▸ **Description of the task**
Return every line of the material exactly.

▸ **Data segment**
——————

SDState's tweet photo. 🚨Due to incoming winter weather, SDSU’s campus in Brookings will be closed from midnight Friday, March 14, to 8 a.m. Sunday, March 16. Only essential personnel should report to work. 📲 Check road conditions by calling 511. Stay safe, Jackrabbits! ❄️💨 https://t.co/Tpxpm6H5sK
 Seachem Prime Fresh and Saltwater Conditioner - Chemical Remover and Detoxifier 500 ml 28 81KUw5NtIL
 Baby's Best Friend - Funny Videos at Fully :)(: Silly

——————

▸ **Solved exercise**
SDState's tweet photo. 🚨Due to incoming winter weather, SDSU’s campus in Brookings will be closed from midnight Friday, March 14, to 8 a.m. Sunday, March 16. Only essential personnel should report to work. 📲 Check road conditions by calling 511. Stay safe, Jackrabbits! ❄️💨 https://t.co/Tpxpm6H5sK
 Seachem Prime Fresh and Saltwater Conditioner - Chemical Remover and Detoxifier 500 ml 28 81KUw5NtIL
 Baby's Best Friend - Funny Videos at Fully :)(: Silly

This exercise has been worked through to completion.